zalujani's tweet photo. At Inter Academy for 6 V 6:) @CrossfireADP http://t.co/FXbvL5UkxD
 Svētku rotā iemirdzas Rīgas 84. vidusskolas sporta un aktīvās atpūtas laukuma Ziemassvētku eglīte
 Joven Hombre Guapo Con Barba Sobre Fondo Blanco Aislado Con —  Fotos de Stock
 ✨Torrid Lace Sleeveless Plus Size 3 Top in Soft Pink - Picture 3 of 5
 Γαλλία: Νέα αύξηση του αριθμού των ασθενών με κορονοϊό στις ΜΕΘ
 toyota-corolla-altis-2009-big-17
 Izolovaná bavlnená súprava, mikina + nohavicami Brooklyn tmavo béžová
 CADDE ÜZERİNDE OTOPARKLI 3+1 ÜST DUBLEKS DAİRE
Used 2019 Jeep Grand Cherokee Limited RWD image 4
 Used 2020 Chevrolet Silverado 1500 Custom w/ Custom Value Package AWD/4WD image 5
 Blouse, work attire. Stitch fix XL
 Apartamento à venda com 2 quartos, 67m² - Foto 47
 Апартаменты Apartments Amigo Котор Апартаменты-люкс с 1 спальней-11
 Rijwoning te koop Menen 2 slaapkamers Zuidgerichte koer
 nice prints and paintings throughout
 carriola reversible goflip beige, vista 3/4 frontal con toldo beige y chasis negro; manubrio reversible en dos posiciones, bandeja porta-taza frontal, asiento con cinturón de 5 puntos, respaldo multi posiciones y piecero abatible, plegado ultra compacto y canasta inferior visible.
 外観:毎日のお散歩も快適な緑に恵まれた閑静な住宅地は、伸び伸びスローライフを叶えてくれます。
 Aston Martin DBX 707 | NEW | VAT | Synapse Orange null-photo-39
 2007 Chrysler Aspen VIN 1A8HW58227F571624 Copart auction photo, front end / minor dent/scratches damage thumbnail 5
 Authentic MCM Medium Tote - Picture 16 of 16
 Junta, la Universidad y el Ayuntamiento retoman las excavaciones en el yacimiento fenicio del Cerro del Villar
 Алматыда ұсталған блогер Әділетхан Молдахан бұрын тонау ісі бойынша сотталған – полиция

Requirement
Print the entries once more, identical in every line.

Solution to this problem
zalujani's tweet photo. At Inter Academy for 6 V 6:) @CrossfireADP http://t.co/FXbvL5UkxD
 Svētku rotā iemirdzas Rīgas 84. vidusskolas sporta un aktīvās atpūtas laukuma Ziemassvētku eglīte
 Joven Hombre Guapo Con Barba Sobre Fondo Blanco Aislado Con —  Fotos de Stock
 ✨Torrid Lace Sleeveless Plus Size 3 Top in Soft Pink - Picture 3 of 5
 Γαλλία: Νέα αύξηση του αριθμού των ασθενών με κορονοϊό στις ΜΕΘ
 toyota-corolla-altis-2009-big-17
 Izolovaná bavlnená súprava, mikina + nohavicami Brooklyn tmavo béžová
 CADDE ÜZERİNDE OTOPARKLI 3+1 ÜST DUBLEKS DAİRE
Used 2019 Jeep Grand Cherokee Limited RWD image 4
 Used 2020 Chevrolet Silverado 1500 Custom w/ Custom Value Package AWD/4WD image 5
 Blouse, work attire. Stitch fix XL
 Apartamento à venda com 2 quartos, 67m² - Foto 47
 Апартаменты Apartments Amigo Котор Апартаменты-люкс с 1 спальней-11
 Rijwoning te koop Menen 2 slaapkamers Zuidgerichte koer
 nice prints and paintings throughout
 carriola reversible goflip beige, vista 3/4 frontal con toldo beige y chasis negro; manubrio reversible en dos posiciones, bandeja porta-taza frontal, asiento con cinturón de 5 puntos, respaldo multi posiciones y piecero abatible, plegado ultra compacto y canasta inferior visible.
 外観:毎日のお散歩も快適な緑に恵まれた閑静な住宅地は、伸び伸びスローライフを叶えてくれます。
 Aston Martin DBX 707 | NEW | VAT | Synapse Orange null-photo-39
 2007 Chrysler Aspen VIN 1A8HW58227F571624 Copart auction photo, front end / minor dent/scratches damage thumbnail 5
 Authentic MCM Medium Tote - Picture 16 of 16
 Junta, la Universidad y el Ayuntamiento retoman las excavaciones en el yacimiento fenicio del Cerro del Villar
 Алматыда ұсталған блогер Әділетхан Молдахан бұрын тонау ісі бойынша сотталған – полиция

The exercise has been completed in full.